Exercise goal: An unchanged copy of all the lines below is expected, and it should contain no pictures.

Stored data:
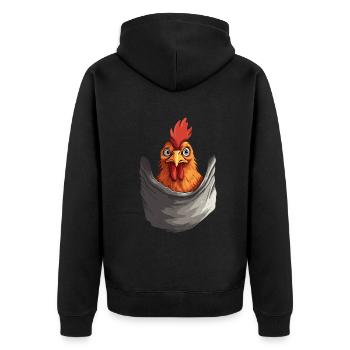 Poulet en poche - Veste à capuche bio Premium Unisexe - noir - Dos - Nico (187cm)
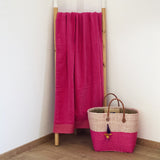 serviette de bain éponge velours unie shady fuchsia 90x160 cm, 100 % coton, 370 g/m², légère et absorbante, idéale salle de bain, piscine et plage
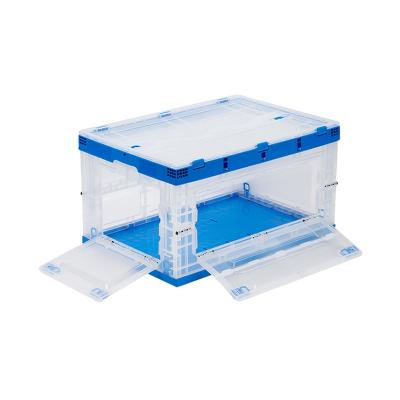 China Solid Waterproof Transparent Warehouse Space Savings Plastic Folding Storage Box for sale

Task response:
 Poulet en poche - Veste à capuche bio Premium Unisexe - noir - Dos - Nico (187cm)
 serviette de bain éponge velours unie shady fuchsia 90x160 cm, 100 % coton, 370 g/m², légère et absorbante, idéale salle de bain, piscine et plage
 China Solid Waterproof Transparent Warehouse Space Savings Plastic Folding Storage Box for sale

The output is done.